Some cancer cells can enter a dormant, sleep-like state that helps them survive treatment. Instead of continuing to grow and divide, these cells become largely inactive, allowing them to avoid the effects of many cancer drugs.
In certain forms of cancer, including some types of lung cancer, stress hormones can trigger this response. Specialized proteins called glucocorticoid receptors detect those hormones inside tumor cells. Once activated, the receptors can push the cells into a dormant state where cell division slows dramatically. As a result, many therapies become far less effective.
Researchers have been searching for ways to disable these receptors and wake the cancer cells from dormancy, making them easier to target and destroy.
Using Light To Target Tumor Cells
A major challenge is that glucocorticoid receptors are found throughout the body, not just in cancer cells. These receptors play essential roles in controlling inflammation and supporting normal immune system function.
Because of this, eliminating glucocorticoid receptors everywhere in the body would cause serious side effects. Any successful treatment must therefore target tumor cells while leaving healthy tissue largely unaffected.
Scientists at ETH Zurich have developed a potential solution. They created a system that triggers the destruction of glucocorticoid receptors inside tumor cells while allowing researchers to use light to selectively switch off the process in nearby healthy tissue.
“This system is based on existing medical technology and therefore offers a realistic prospect of localized therapies,” says Robin Scheuplein, joint first author of the study and a doctoral student in the research group led by Katharina Gapp, Professor of Epigenetics and Neuroendocrinology.
Harnessing the Body’s Protein Recycling System
The new approach takes advantage of a natural cellular recycling process. Normally, cells identify damaged or defective proteins and mark them for disposal by attaching a small molecular tag, essentially labeling them as cellular waste. Once tagged, those proteins are broken down and removed.
The ETH Zurich team adapted this process to specifically target glucocorticoid receptors in tumor cells.
To accomplish this, the researchers designed a molecular switch consisting of three components. One part attaches to the glucocorticoid receptor. Another attaches to the enzyme responsible for placing the disposal tag. Between them is a flexible connector.
The connector is the key to the system. Under normal lighting conditions, it remains extended, positioning the enzyme close enough to label the receptor for destruction. The cell then breaks down and removes the receptor.
When exposed to light of a specific wavelength, however, the connector bends. This change prevents the enzyme and receptor from aligning properly, stopping the tagging process and preventing receptor destruction.
Waking Dormant Lung Cancer Cells
The technology emerged from a collaboration among several research groups at ETH Zurich. As part of the project, the team led by Professor of Organic Synthesis Erick Carreira produced multiple versions of the connector component.
Testing showed that two of these connectors behaved exactly as intended. Light could reliably switch the system between an active state that destroys glucocorticoid receptors and an inactive state that leaves them untouched.
The long-term goal is to use this technology for highly precise cancer treatments. Researchers envision injecting the switch directly into a tumor and then using light to deactivate any molecules that move into surrounding healthy tissue.
“Activity can therefore be strictly limited to the tumor core, preserving the surrounding tissue and causing significantly fewer side effects. The effect is reversible and can be controlled precisely,” says Scheuplein.
In laboratory cultures of lung cancer cells, the team observed the expected biological response. The treatment rapidly broke down glucocorticoid receptors within the tumor cells.
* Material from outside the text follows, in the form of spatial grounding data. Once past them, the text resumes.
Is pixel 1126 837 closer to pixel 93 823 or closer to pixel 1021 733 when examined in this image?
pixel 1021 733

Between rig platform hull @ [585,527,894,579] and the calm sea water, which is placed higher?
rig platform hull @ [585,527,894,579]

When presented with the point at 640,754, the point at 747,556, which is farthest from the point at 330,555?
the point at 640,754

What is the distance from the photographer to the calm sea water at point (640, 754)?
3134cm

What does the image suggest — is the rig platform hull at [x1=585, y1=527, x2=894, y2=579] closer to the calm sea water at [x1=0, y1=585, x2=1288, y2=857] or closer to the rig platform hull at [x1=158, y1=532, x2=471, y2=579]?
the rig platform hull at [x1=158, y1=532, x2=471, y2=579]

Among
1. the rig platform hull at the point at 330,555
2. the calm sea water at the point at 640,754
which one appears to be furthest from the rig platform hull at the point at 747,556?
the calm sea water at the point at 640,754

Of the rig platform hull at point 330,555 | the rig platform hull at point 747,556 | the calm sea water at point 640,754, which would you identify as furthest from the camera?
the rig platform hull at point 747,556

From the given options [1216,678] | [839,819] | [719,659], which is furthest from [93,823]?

Analyses of gene activity also indicated that the cells emerged from their dormant state.
“Of course, this will now need to be verified in living organisms as well,” says Scheuplein.
Potential Applications Beyond Lung Cancer
The researchers emphasize that additional development is still needed before the system can be used in cancer patients.
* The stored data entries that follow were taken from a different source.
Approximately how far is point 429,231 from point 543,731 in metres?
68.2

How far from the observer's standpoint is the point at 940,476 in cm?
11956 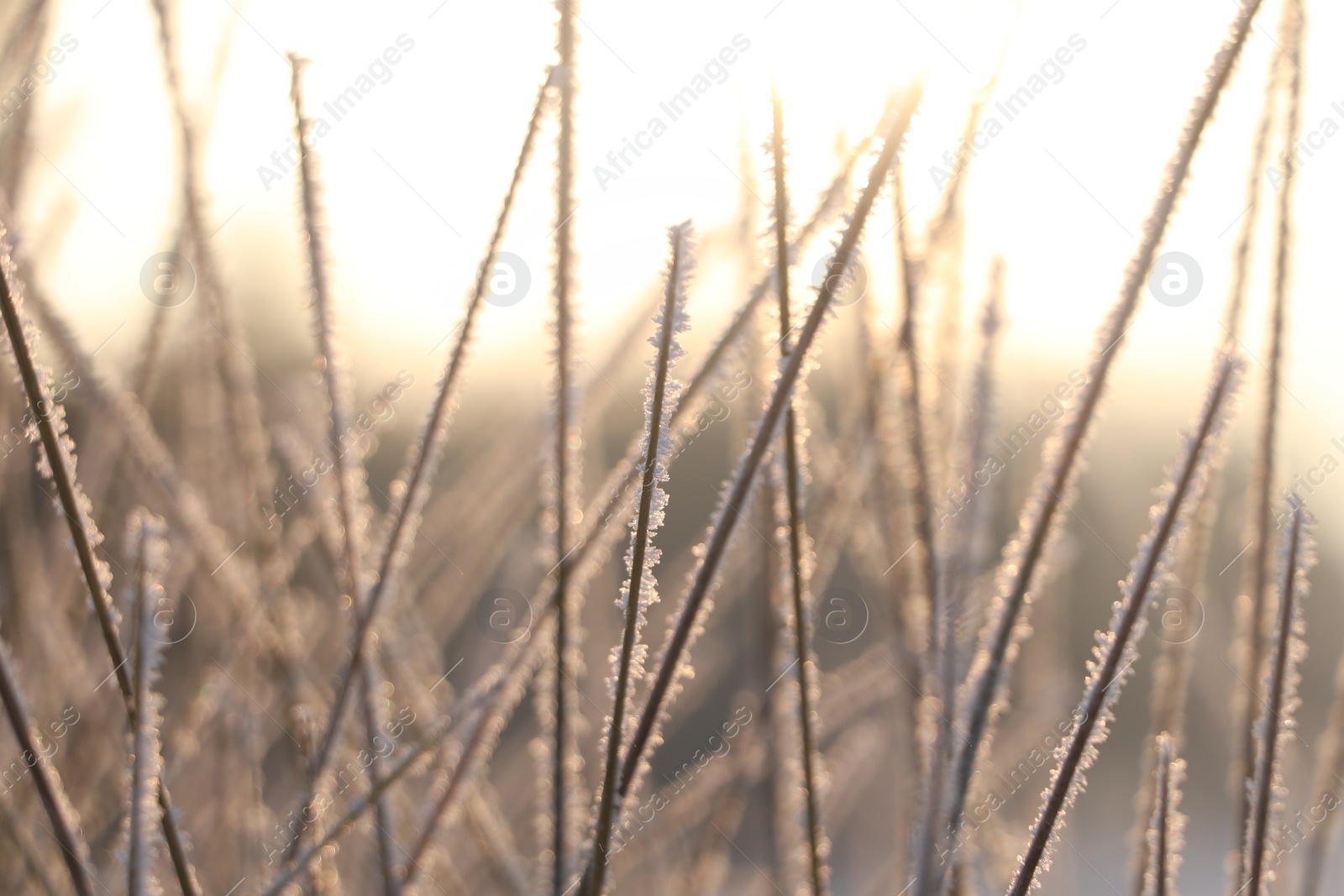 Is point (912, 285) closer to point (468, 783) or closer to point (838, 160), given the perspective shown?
point (838, 160)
One limitation is that light can penetrate only a few millimeters into tissue. To create the desired protective boundary around a tumor, the light source must be positioned close to the treatment area. In lung cancer, for example, this could potentially be accomplished with an endoscope.
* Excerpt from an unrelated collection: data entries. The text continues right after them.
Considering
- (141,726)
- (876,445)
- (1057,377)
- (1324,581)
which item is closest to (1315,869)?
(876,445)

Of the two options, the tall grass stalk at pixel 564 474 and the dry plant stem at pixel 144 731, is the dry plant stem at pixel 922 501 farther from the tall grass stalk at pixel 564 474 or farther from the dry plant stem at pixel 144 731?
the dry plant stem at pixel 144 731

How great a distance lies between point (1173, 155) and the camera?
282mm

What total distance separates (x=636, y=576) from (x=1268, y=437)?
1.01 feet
For tumors located deeper inside the body, the team hopes to develop versions of the switch that respond to longer wavelengths of light, such as near-infrared light, which can travel farther through tissue and do so more gently.
The platform may also have applications beyond glucocorticoid receptors.
“We’ve developed a modular system that we can also use to switch off other receptors,” explains Scheuplein.
Potential targets include the estrogen receptor involved in hormone-dependent breast cancer and the androgen receptor associated with advanced prostate cancer. The system is also ready for use as a research tool to help scientists better understand complex signaling pathways involved in cancer biology.